Scan the entries that follow and work out how many lines contain "Photo". Give the number and nothing else.

-*-

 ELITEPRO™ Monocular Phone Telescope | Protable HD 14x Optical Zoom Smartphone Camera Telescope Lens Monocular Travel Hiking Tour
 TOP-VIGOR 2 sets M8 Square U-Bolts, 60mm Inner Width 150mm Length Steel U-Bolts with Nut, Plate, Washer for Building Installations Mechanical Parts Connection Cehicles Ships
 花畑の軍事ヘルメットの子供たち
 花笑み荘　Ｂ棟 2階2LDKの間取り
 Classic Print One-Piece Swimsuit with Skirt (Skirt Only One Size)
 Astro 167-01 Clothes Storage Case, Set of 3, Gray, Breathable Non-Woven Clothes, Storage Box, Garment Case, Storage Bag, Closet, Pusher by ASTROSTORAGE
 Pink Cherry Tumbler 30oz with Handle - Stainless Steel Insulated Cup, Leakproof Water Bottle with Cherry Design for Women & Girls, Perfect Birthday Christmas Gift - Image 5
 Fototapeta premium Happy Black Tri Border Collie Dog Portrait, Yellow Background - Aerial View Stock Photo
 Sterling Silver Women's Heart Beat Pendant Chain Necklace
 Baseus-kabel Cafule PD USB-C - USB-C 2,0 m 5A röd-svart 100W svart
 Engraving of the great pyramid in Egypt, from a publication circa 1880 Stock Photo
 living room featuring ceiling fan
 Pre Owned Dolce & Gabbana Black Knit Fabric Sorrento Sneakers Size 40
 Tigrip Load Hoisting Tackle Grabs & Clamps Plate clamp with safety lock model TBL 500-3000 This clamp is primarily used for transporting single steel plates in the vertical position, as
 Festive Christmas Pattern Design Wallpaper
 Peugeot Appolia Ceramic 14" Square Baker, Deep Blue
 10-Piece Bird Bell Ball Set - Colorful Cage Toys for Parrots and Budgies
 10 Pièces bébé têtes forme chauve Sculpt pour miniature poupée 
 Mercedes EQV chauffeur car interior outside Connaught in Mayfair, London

-*-

Response to this task:
2